His initial concept was that “all people are born with tremendous talents” which need to be discovered and that human resources, like natural resources, are “highly diverse and you need to dig down”.  He talked about the difference between aptitude and ability and that humans are very curious and “absorb most of what we know from the people we are with”.  Unfortunately, organizations often ignore the potential talent that is available and miss opportunities for greatness.

“Diversity is the vitamin of innovation”.

He quoted a statistic from a Gallup Poll that over 70% of individuals are uninterested or disengaged from their jobs and that the World Health Organization predicts that the 2nd most prevalent cause of illness by 2020 will be depression.  He feels that the key to solving this problem is “finding something you are good at and something you love” since it is all about energy, both spiritual and physical, to keep going.  Heads were nodding in the audience with this piece of advice.

“If you love what you are doing, it feeds your energy”

He told the story of how his wife of over 40 years loves Elvis.  Apparently Elvis had not been allowed to join the Glee club as it was thought that he would ruin the sound – what a great example of talent overlooked!  He also shared that his friend Paul (that is Paul McCartney) had a similar experience when he hated music when he was in school.  George Harrison was also at that school and the teacher, who had half the Beatles in his class, had missed that talent which Ken thought was “a bit of an oversight”.

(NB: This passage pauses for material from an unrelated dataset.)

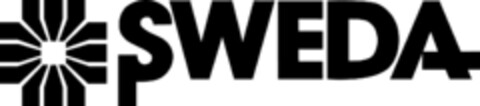SWEDA Logo (EUIPO, 06/14/2016)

Sir Ken also shared the story of Kodak – a company that started with the immensely popular Brownie camera which employed and sustained the community of Rochester, New York.  Unfortunately, the company is now practically bankrupt.  Photography has gone digital and even though they invented digital photography in the 1970s, the company of chemists ignored it, instead choosing to focus on the chemical process of film development.  His example showed that this company “couldn’t see what was right in front of them” when they needed to adapt to both internal and external changes.  They missed a key opportunity as more pictures, and he laughed – selfies,  are being taken than ever.

It is essential for leaders to “develop the creative ability of every community member”. Companies need to have “synergistic relationship with their environments”, feeding off other peoples ideas and encouraging innovation as a “constant refractory process”.  To reinforce that the solutions are often right in front of us, he shared this Dutch video which showed individuals trying to get a peanut out of a tube.  Can you figure it out before the answer is clear in the video?

“We absorb most of what we know from the people we are with”.

“People have tremendous talents but we exclude them because of where they sit or their job descriptions”.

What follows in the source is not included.